Would you please copy only the lines from the line that contains "Round neck layered cardigan" to the end of the data below, exactly, leaving every picture out?

▸ Dataset section:
━━━━━━━━━━━━━━━━━━━━━━━━━━━━━━
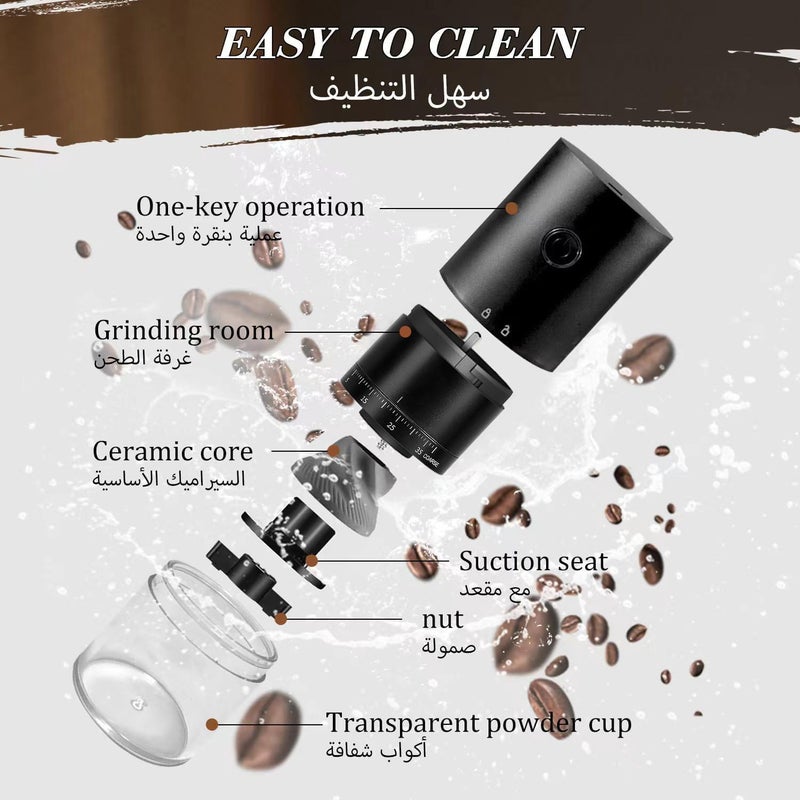 Electric Burr Coffee Grinder - Portable Coffee Grinder with 38 Adjustable Grind Settings (Black) - Image 3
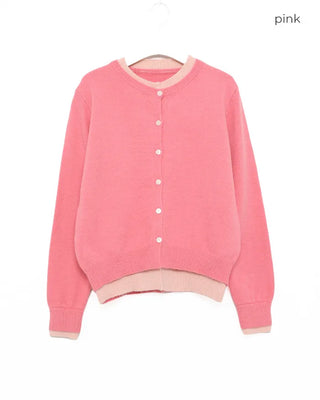 Round neck layered cardigan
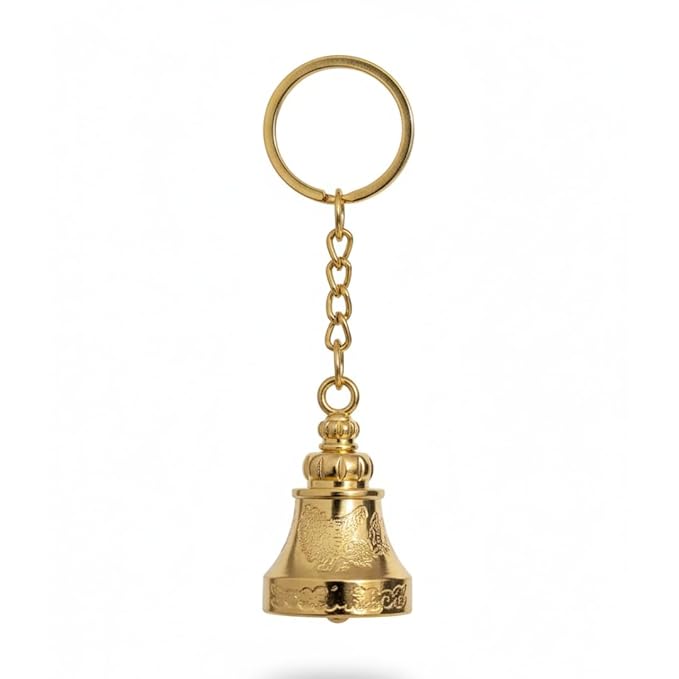 OTTAVO Guardian Bell Keychain, Shine Gold, Tibetan Style, 5 cm Height, Good Luck Charm(Shine Gold)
━━━━━━━━━━━━━━━━━━━━━━━━━━━━━━
▸ Solution:
 Round neck layered cardigan
 OTTAVO Guardian Bell Keychain, Shine Gold, Tibetan Style, 5 cm Height, Good Luck Charm(Shine Gold)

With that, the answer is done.